例えば、(1)シアン含有廃水をアルカリ性に調整した後、塩素を注入してシアンを酸化分解するアルカリ塩素法、(2)強力なオゾンの酸化力でシアンを窒素ガスと炭酸水素塩に酸化分解するオゾン酸化法および(3)非溶解性の電極を用いてシアンを電気分解し、酸化反応を行なう電解酸化法(電解法)などの酸化分解法;(4)シアン含有廃水中に、鉄イオンの供給化合物として、例えば硫酸第一鉄を添加し、難溶性のフェリ/フェロシアン化物を生成させ、これを沈殿除去する紺青法、(5)塩化亜鉛と還元剤とを添加し、生成した不溶錯体を沈殿除去する亜鉛白法および(6)銅塩と還元剤とを添加し、生成した不溶錯体を沈殿除去する還元銅塩法などの不溶錯体法;(7)シアンに対して馴養させた微生物(シアン分解菌)にシアンを分解させる生物処理法;(8)シアン含有廃水を高温に保持してシアン化合物をアンモニアと蟻酸に加水分解させ、共存する重金属類を単体または酸化物として析出させる熱加水分解法および(9)シアンの分解以外に有機汚濁物をも酸化分解させる湿式酸化法などの熱水反応などがある。そのため、シアン含有廃水中のシアンの除去処理には様々な薬剤が、廃水の状況に応じて使い分けられていた。
【0004】
上述のシアン含有廃水中のシアンの除去処理方法のうち、還元剤を用いた処理方法に関しては次のような開示がある。

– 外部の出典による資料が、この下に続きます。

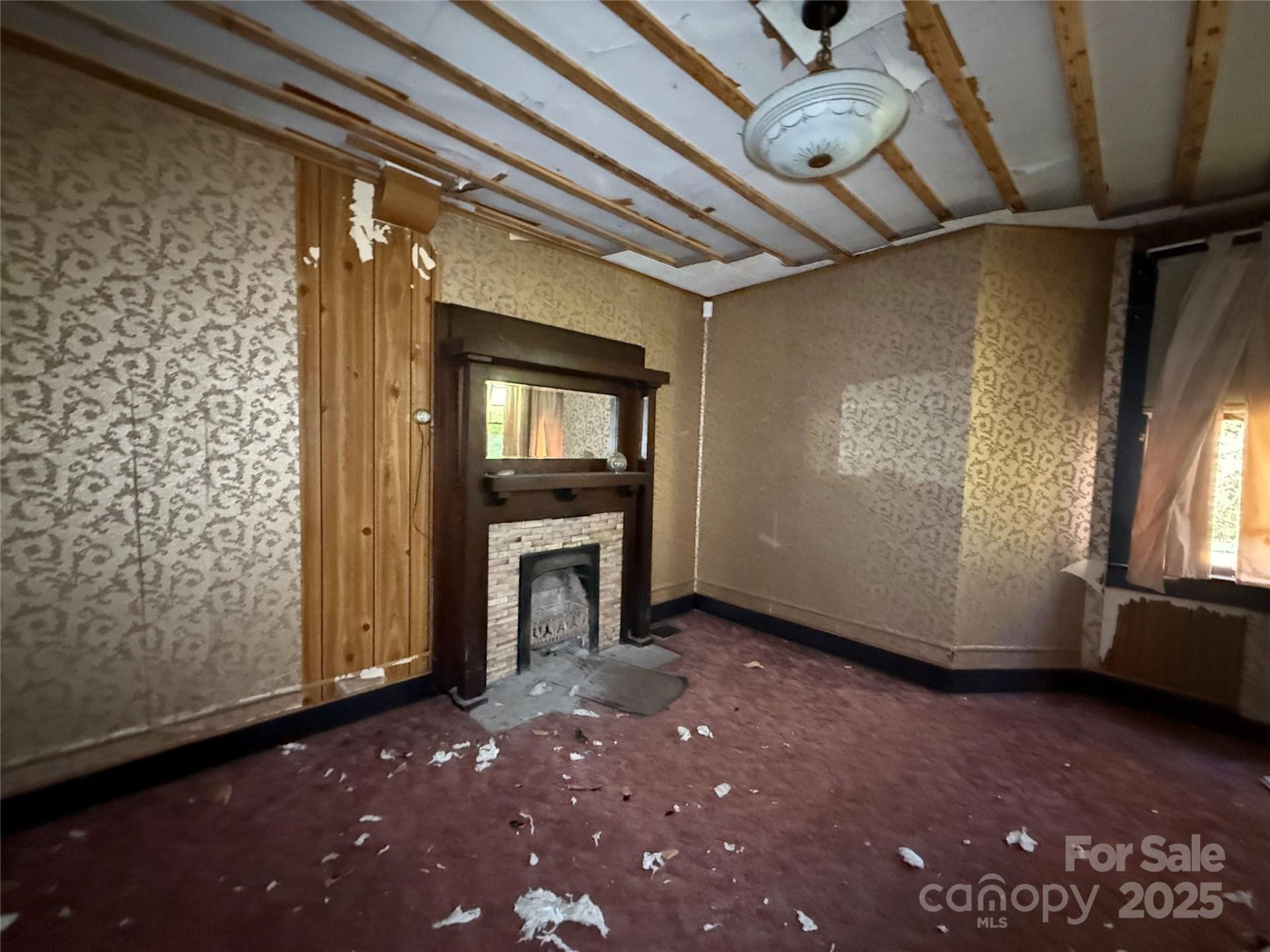 289 French Broad Avenue - Photo 6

例えば、特許文献1には、シアン含有廃水に過酸化水素及び還元剤を添加して反応させ、次いで銅塩を添加して反応させた後、その反応液を固液分離することにより反応液中に生じた難溶性シアン化合物を分離除去する処理方法が開示されている。還元剤は、廃水中に含まれる鉄シアノ錯体を銅塩と共に難溶化する目的でシアン含有廃水に添加されており、好適な還元剤として、チオ硫酸塩、亜硫酸塩、重亜硫酸塩、塩化第一鉄、ならびに硫化ナトリウム及び四硫化ナトリウム等のアルカリ金属硫化物等が挙げられている。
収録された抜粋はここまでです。